Additionally, circular economy strategies bring along opportunities for innovation, cost savings and improved brand reputation. Material recycling and ethical sourcing demonstrate corporate social responsibility and increase stakeholder engagement. Significantly, such strategies contribute to the transition toward more sustainable business practices and a thriving global economy. Not least, by following the ESRS E5 reporting requirements, a company will make sure that it complies with the new legal framework and avoid any fines. 

How Sphera Can Support You  

In addition to offering general CSRD guidance and implementation support, our experts are happy to give your circular economy strategy a boost and make sure you are ready for CSRD reporting. We can help you understand CSRD-specific criteria. Our consultants will support you in conducting an in-depth gap assessment, product life cycle assessment (LCA) or environmental impact assessment.
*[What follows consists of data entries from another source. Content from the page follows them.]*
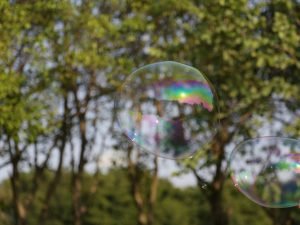 Bubbles in the park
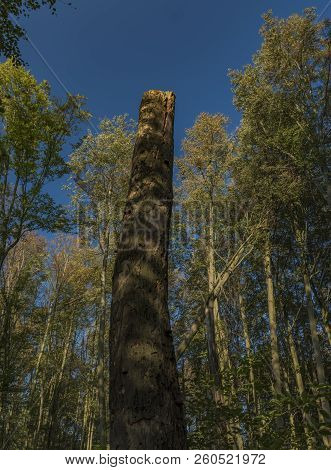Forest In Jeseniky Mountains In Summer Sunny Nice Day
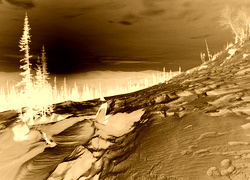 Sepia + Negatyw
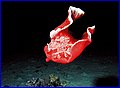 Spanish Dancer 2.jpg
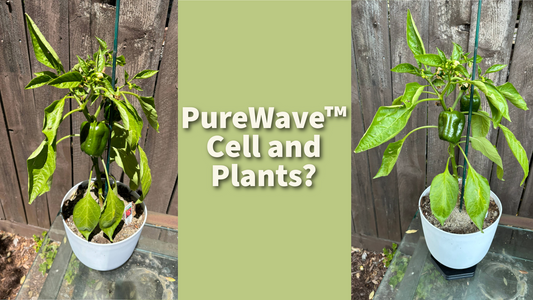 The PureWave™ Cell and Plants?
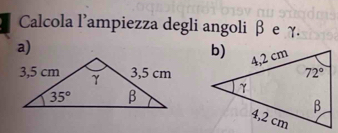 Calcola l'ampiezza degli angoli β e γ.
a)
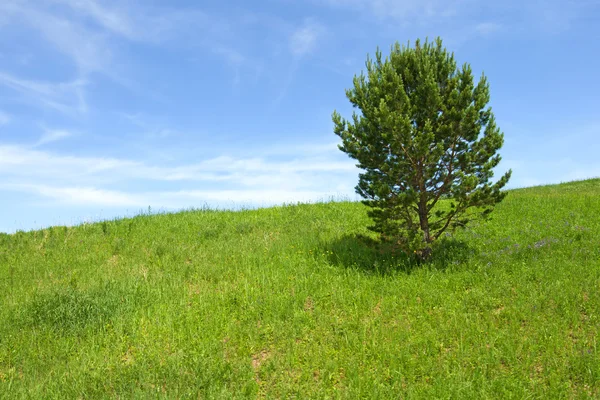 Árbol en el campo — Foto de Stock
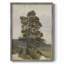 «Vintage Landscape CCLIX», reproduction encadrée - bois massif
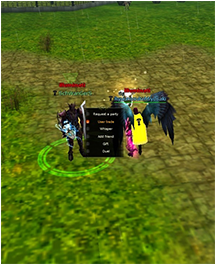 Player Character Option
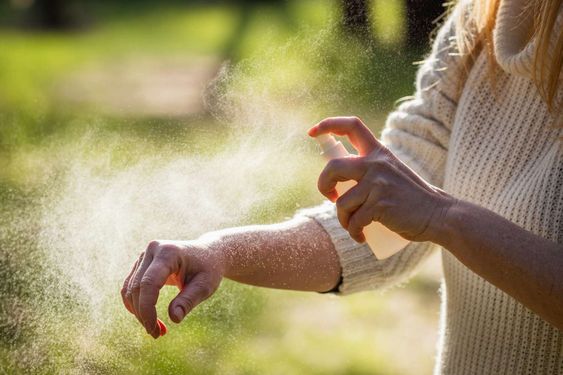 Quick Remedies for Mosquito Bites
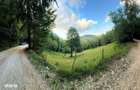 Teren investitie 8635 mp extravilan , Pestera Brasov - 6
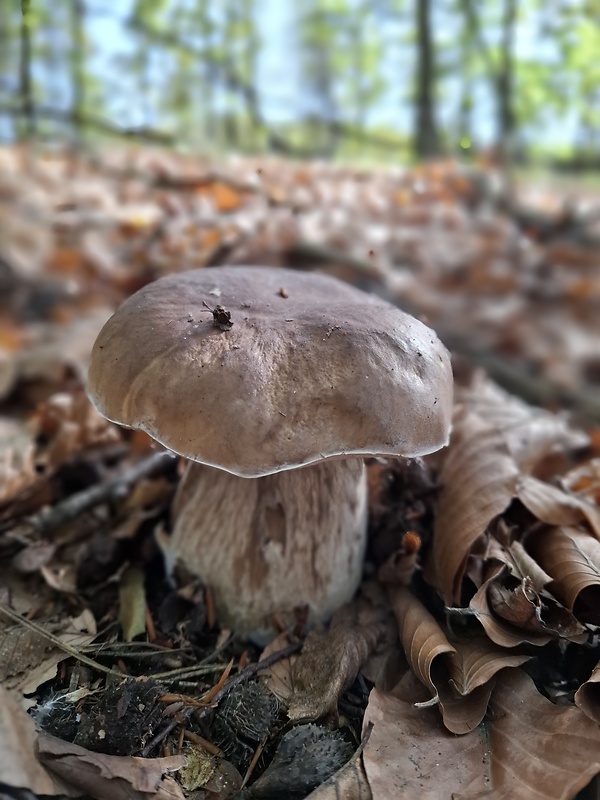 hríb dubový Boletus reticulatus Schaeff.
With our extensive sector-specific expertise, we provide holistic strategy creation and business model support. Contact us for more information. 

Adopting Circular Economy Practices and Principles  

In summary, the circular economy is not just a passing trend; it is a transformative pathway toward a sustainable future. The time when businesses could freestyle their circular economy programs and include only parts of circularity aspects in their strategies has passed. The ESRS E5 reporting principles are here to stay.  

By integrating these new principles and adopting circular practices as described in detail by ESRS E5, companies can take advantage of a multitude of business opportunities. Embracing the circular economy offers immense potential for economic growth decoupled from the exploitation of natural resources.